## What is required
Could you output only the lines from the one containing "TALCO ROBERTS BUSTA 120 GR." through the last line of the data, both included?
++++
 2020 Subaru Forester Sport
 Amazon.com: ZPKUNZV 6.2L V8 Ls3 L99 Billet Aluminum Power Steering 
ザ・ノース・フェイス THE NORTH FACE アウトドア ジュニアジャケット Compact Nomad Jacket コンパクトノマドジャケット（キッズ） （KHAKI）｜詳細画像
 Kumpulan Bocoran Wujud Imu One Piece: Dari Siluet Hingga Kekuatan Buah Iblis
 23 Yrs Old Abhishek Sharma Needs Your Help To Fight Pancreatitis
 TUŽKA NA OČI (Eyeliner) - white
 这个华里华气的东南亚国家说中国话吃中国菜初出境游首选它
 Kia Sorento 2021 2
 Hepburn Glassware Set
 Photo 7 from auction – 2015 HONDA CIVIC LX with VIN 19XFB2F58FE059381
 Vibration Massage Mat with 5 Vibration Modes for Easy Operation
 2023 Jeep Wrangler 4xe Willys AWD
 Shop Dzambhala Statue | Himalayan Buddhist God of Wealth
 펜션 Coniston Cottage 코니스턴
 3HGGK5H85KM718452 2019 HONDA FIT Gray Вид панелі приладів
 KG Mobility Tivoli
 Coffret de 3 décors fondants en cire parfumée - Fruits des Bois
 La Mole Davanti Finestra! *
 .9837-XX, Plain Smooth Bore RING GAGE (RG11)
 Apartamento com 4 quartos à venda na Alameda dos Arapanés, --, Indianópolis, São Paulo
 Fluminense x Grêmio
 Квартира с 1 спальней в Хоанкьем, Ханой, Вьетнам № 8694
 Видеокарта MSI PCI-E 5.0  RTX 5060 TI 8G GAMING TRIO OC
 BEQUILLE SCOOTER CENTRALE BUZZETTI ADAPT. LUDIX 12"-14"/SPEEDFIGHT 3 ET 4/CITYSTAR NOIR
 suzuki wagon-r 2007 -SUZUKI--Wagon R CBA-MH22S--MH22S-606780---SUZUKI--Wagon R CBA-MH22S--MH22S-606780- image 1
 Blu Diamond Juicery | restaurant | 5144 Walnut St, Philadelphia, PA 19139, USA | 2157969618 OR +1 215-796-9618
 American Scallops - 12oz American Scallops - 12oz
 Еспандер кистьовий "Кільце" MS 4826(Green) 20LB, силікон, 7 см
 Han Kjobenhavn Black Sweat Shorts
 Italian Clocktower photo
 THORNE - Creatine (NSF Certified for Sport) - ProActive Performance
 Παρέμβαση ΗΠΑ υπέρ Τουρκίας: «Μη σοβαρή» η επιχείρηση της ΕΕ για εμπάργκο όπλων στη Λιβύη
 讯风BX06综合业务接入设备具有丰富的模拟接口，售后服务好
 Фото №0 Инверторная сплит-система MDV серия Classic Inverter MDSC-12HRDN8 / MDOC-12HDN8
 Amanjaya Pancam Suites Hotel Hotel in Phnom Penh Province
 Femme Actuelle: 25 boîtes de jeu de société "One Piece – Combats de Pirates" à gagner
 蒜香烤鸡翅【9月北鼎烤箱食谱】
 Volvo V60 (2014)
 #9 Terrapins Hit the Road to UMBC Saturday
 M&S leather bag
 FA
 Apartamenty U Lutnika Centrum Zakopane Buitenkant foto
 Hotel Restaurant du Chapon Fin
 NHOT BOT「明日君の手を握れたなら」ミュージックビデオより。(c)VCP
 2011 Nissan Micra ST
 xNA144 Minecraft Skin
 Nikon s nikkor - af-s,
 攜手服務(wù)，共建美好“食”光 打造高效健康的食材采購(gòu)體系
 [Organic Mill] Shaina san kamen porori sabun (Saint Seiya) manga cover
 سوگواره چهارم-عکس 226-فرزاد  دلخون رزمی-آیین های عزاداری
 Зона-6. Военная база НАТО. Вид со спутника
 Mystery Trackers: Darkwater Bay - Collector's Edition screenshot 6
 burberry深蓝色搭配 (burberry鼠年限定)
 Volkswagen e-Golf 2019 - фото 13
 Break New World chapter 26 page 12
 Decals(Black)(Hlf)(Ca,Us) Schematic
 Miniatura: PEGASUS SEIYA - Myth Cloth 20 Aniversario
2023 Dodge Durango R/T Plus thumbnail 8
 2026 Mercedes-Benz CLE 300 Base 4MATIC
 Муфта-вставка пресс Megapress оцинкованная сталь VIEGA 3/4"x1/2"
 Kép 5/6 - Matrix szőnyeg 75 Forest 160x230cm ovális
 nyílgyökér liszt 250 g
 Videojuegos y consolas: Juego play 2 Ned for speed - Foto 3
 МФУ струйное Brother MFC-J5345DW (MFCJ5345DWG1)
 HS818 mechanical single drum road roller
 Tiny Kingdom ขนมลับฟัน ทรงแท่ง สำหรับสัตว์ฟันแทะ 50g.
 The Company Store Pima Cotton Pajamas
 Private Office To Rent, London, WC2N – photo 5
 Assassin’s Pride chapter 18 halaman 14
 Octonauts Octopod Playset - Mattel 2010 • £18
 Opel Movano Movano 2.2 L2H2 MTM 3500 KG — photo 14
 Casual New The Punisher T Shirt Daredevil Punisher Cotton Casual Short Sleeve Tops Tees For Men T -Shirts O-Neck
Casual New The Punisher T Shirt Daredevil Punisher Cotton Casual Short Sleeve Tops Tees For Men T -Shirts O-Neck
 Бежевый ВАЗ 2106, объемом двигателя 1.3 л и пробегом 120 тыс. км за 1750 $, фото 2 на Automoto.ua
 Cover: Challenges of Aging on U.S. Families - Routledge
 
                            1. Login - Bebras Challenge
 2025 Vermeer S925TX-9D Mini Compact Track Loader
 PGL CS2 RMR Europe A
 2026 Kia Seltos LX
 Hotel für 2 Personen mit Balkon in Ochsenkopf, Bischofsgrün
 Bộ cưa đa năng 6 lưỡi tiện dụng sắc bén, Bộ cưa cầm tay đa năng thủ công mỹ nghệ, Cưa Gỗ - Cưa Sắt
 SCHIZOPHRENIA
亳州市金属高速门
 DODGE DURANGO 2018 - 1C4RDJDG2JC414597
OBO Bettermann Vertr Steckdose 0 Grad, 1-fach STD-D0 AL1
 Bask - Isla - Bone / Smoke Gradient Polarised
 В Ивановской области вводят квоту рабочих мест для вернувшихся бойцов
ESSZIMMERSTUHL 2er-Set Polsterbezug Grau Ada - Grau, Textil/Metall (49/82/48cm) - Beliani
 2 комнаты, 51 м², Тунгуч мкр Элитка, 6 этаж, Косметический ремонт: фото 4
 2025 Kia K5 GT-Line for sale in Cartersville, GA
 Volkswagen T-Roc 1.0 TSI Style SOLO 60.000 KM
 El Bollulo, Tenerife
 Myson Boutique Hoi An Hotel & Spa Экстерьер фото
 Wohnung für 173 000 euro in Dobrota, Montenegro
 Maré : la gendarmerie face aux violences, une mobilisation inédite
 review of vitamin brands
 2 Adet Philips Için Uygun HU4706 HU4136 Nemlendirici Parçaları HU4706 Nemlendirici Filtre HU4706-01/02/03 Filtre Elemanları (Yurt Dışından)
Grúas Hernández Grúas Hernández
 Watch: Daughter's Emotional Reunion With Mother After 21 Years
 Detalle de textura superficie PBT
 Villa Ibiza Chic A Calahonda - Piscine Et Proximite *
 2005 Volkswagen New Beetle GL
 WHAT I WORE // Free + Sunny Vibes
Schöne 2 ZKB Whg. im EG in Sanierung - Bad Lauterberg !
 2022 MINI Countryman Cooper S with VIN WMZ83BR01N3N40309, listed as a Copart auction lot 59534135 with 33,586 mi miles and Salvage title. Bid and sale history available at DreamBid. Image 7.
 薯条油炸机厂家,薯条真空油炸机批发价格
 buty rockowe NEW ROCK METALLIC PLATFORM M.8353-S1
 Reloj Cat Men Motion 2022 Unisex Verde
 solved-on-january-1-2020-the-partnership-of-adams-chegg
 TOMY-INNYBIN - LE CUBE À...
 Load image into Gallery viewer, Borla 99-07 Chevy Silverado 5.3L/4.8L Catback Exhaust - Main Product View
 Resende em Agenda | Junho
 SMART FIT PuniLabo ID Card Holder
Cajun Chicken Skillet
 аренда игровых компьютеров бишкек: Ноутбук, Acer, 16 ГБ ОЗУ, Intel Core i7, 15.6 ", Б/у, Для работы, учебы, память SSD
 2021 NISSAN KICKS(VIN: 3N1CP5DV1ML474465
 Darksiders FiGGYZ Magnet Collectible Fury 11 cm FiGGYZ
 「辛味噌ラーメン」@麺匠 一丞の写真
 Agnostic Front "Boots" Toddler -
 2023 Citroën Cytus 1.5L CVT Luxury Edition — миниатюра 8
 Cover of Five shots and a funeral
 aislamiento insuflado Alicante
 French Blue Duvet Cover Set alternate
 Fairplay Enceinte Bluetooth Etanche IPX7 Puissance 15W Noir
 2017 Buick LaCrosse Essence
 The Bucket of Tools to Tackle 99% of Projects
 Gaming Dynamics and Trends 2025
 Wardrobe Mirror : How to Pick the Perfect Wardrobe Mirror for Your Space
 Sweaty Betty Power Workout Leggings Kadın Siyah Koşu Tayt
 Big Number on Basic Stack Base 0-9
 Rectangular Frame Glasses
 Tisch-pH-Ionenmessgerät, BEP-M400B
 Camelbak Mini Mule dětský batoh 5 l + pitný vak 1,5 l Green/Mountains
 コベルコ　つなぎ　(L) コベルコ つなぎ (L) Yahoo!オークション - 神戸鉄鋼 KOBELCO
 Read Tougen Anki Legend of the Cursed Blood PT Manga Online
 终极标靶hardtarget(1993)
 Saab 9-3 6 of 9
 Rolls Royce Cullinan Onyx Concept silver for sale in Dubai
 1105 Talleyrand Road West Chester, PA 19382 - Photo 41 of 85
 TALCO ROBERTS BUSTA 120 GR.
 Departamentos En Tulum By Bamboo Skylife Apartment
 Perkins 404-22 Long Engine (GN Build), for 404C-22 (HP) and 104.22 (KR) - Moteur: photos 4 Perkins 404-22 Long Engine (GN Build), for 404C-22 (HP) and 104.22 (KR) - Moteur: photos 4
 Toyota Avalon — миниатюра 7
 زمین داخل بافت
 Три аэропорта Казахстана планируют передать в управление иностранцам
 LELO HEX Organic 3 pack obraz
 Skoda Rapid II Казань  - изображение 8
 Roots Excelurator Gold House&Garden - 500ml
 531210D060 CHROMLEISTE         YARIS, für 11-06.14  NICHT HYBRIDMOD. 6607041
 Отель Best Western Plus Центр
++++
## Exercise result
 TALCO ROBERTS BUSTA 120 GR.
 Departamentos En Tulum By Bamboo Skylife Apartment
 Perkins 404-22 Long Engine (GN Build), for 404C-22 (HP) and 104.22 (KR) - Moteur: photos 4 Perkins 404-22 Long Engine (GN Build), for 404C-22 (HP) and 104.22 (KR) - Moteur: photos 4
 Toyota Avalon — миниатюра 7
 زمین داخل بافت
 Три аэропорта Казахстана планируют передать в управление иностранцам
 LELO HEX Organic 3 pack obraz
 Skoda Rapid II Казань  - изображение 8
 Roots Excelurator Gold House&Garden - 500ml
 531210D060 CHROMLEISTE         YARIS, für 11-06.14  NICHT HYBRIDMOD. 6607041
 Отель Best Western Plus Центр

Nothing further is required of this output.